After a lifetime spent housing others, Aunty Coral faces a homeless future
The 79-year-old has long worked in youth hostels, women’s refuges and drug and alcohol rehabilitation centres. How could she now be in this situation?
After spending a lifetime in the service of her mob, working in Indigenous youth hostels, women’s refuges and drug and alcohol rehabilitation and helping thousands of Indigenous people into housing and out of trouble, Aunty Coral Hennessy is facing the terrifying prospect of being made homeless at the age of 79.
The social worker, advocate, and former longtime chair of the groundbreaking Indigenous rehabilitation centre The Glen on the NSW central coast has been living in the Hunter Valley coal hamlet of Greta for the past 44 years. But the house that she and her infirmed son, 61, have been privately renting for $390 a week has been sold and the new owner wants to move in.
Aunty Coral and her son simply can’t afford the market rate of $500-$700, and they don’t tick the necessary boxes to receive priority for Aboriginal or social housing, which kicks in when she turns 80, next year. “The waiting list is six or seven years, I was told,” she said.
She has to be out of her house in Greta by mid-May.
Joe Coyte, chief executive of The Glen, said it was disgraceful that someone who had spent a lifetime dedicated to the betterment of Indigenous people could find herself in this situation.

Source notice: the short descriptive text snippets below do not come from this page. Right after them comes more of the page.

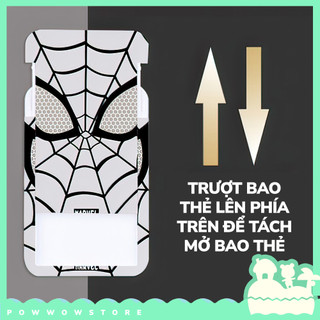 Bao Đựng Thẻ Nhân Viên Nhựa ABS Phong Cách Siêu Anh Hùng Spiderman Tối Giản – In UV Sắc Nét, Đa Năng, Bền Đẹp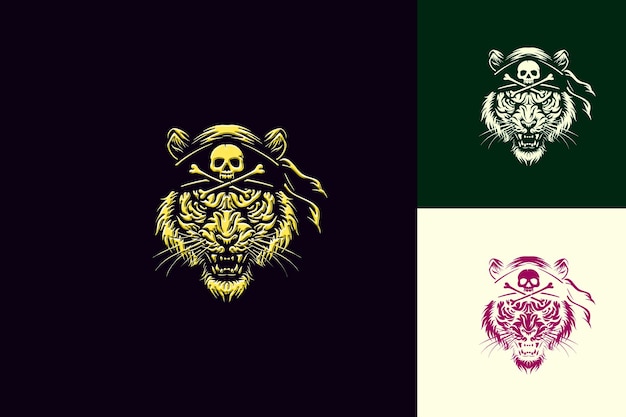 PSD a lion head and a skull with a skull on it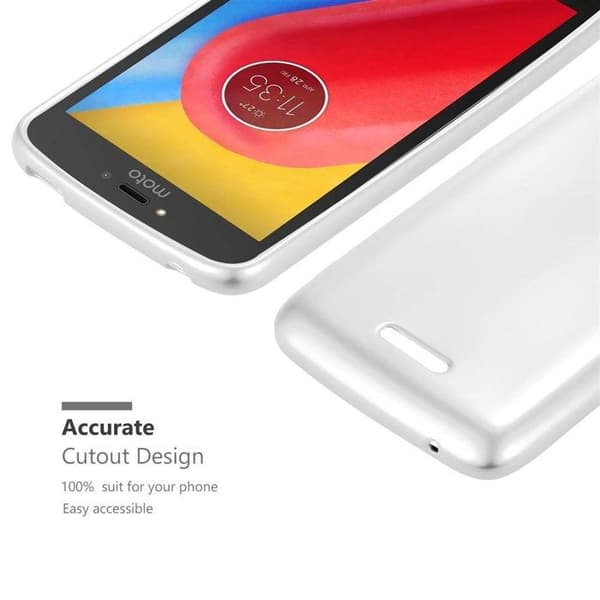 Skyddsskal för Motorola MOTO C PLUS Skyddsskal i MATTSILVER Metallic Design Grå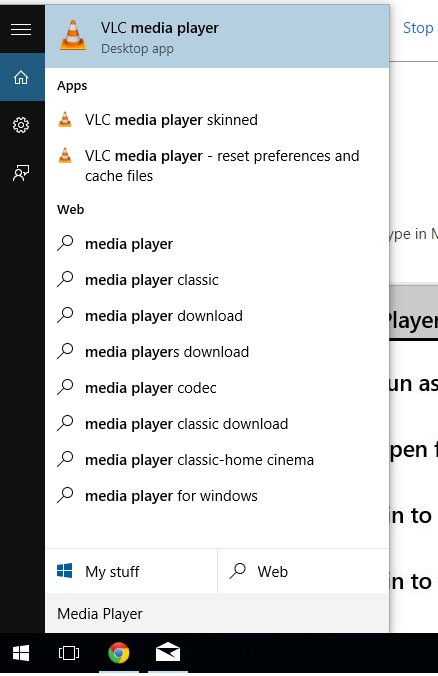 Media Player Is Missing In Windows 10. - Microsoft Community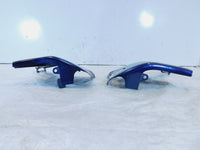 1987-2003 Suzuki Intruder VS1400 Blue Front Left/Right Frame Neck Cover Panels - C3 Cycle
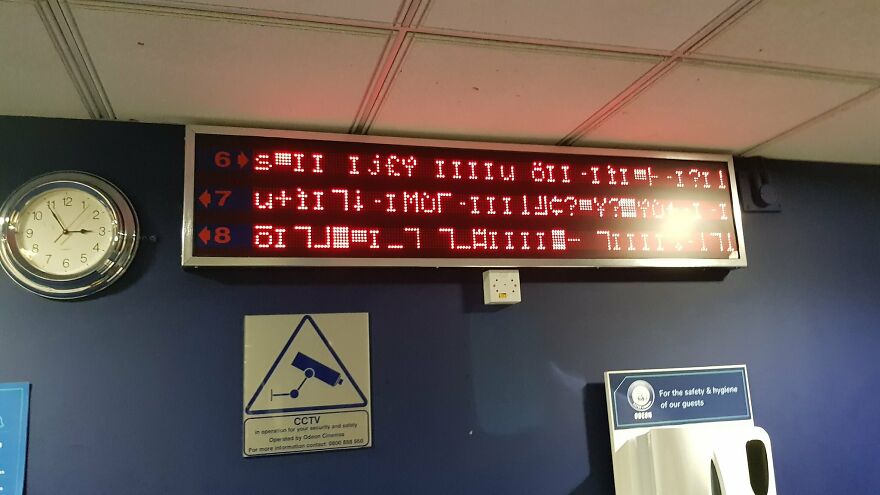 A Comforting Sign Before Watching A Horror Movie At My Local Cinema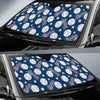 Baseball League Print Pattern Car Sun Shade-grizzshop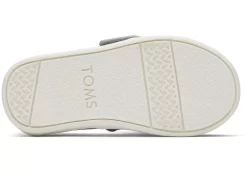 Tiny Alpargata Silver Glitter Toddler Shoe<TOMS Clearance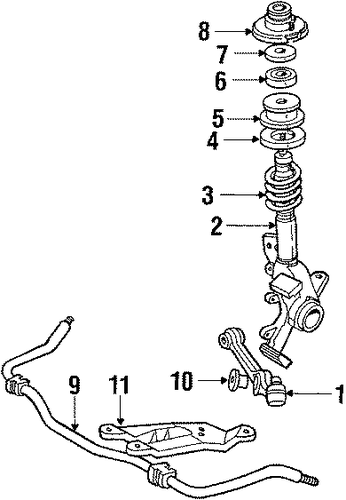 Escort FRONT BRAKES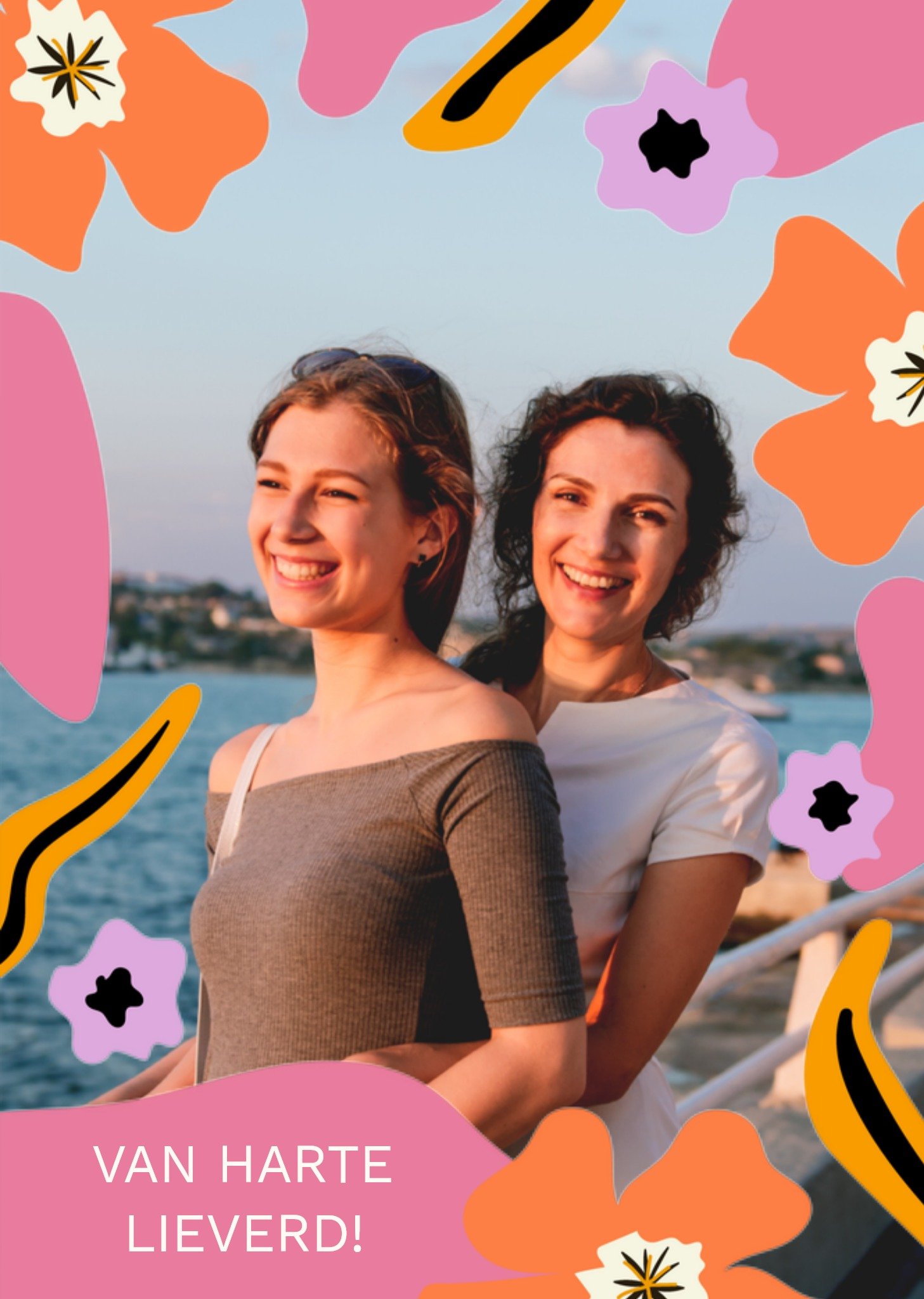 Verjaardagskaart Kleurrijk Met foto Kaart Greetz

The Glen was founded more than 30 years ago by Coral’s brother, Cyril Hennessy, who had worked as a prison and parole officer and dreamt of breaking the cycle of incarceration for Indigenous men. It is now seen as the gold standard for Indigenous rehab programs in Australia.
Coral Hennessy was involved from the start and was the driving force behind setting up the Glen for Women, a 20-bed facility that opened nearby the men’s facility on the central coast last year.

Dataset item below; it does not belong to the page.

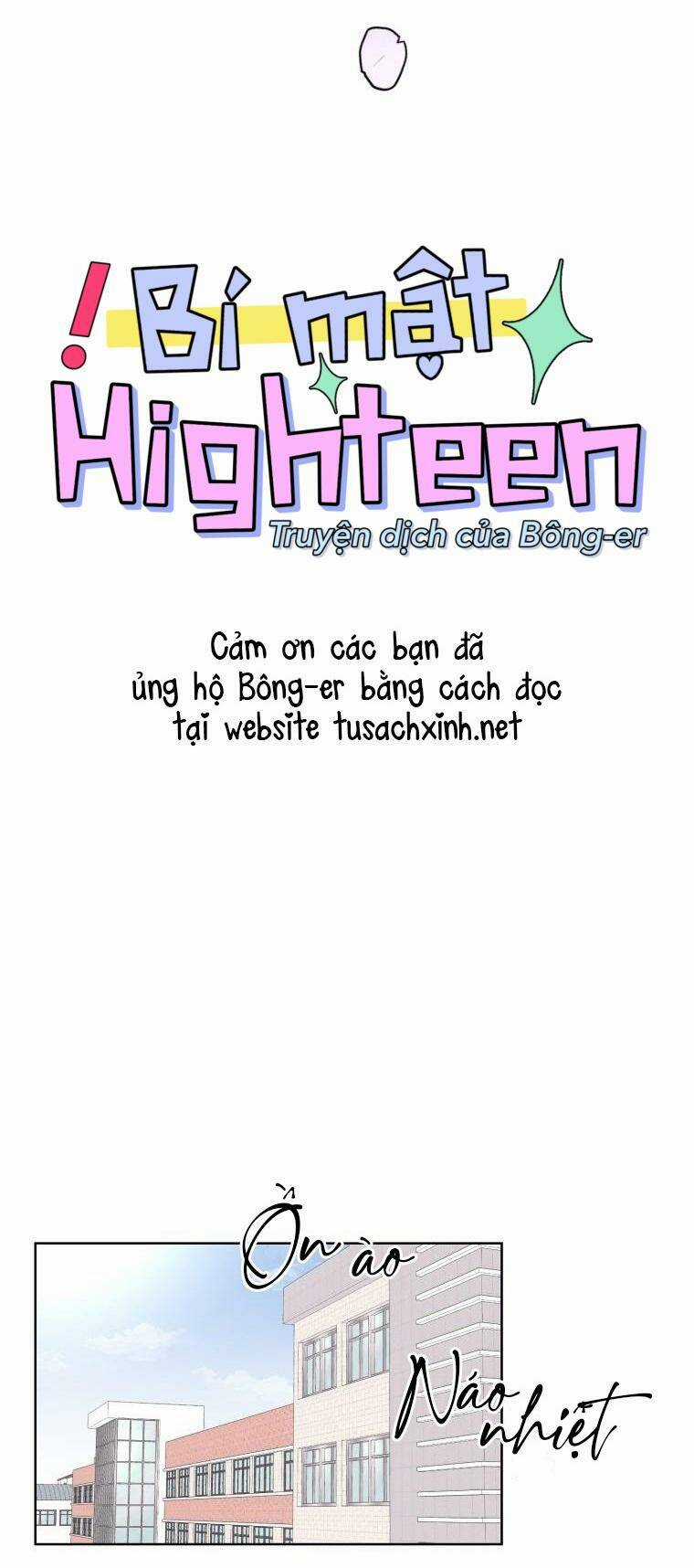 Bí Mật Highteen Chapter 1 trang 35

“We had a strategic planning meeting a few years ago and someone had lent us an office in Barangaroo with these amazing views of the city,” said Mr Coyte. “We were basically patting ourselves on the back for the amazing year we’d had and Coral just pulled us all back into line and said ‘Yeah, but what about if a woman calls us and needs help?’and there was silence in the room.”
It set in train the momentum that would lead to The Glen for Women. “I used to pester my brother Cyril and say ‘We need a place for women’ and he’d say he had enough problems with the men,” she said.
“It was always in my heart to have a women’s place to run along the same lines as the men.”
It became a reality after Cyril died and his sister took over as a chair who made countless trips to Canberra to pester politicians.
Aunty Coral, a Malyangapa woman, was raised in a tin hut on the banks of the Paroo river at Wanaaring, 180km out the back of Burke in the Corner Country of NSW, where her father was a stockman and a camel breaker. They later moved into Burke for the kids to be educated.
Aunty Coral herself had five children and, when her kids were old enough, she moved into social work in the early 1980s managing Aboriginal youth hostels and women’s refuges in Dubbo and Sydney.
She has had to bury four of her children, victims of the Indigenous curses of poor hearts, poor health, accidents and alcoholism.
Mr Coyte said it seemed that the fact Aunty Carol had always been a private renter and had always looked after herself was now working against her. He said he’d been advocating on her behalf with various agencies but had run into bureaucratic brick walls.
“I can’t imagine the pain she’s endured, burying four of her kids,” he says.
“And don’t get me wrong, she battles everyday, but I have always admired the energy and the enthusiasm she’s able to muster. She’s still dragging herself to help others … and she doesn’t get paid for any of it.
“She has helped thousands and thousands of people throughout her life … she does not deserve to be homeless,” he said, “Surely there’s a way. Surely as a society we are better than this.”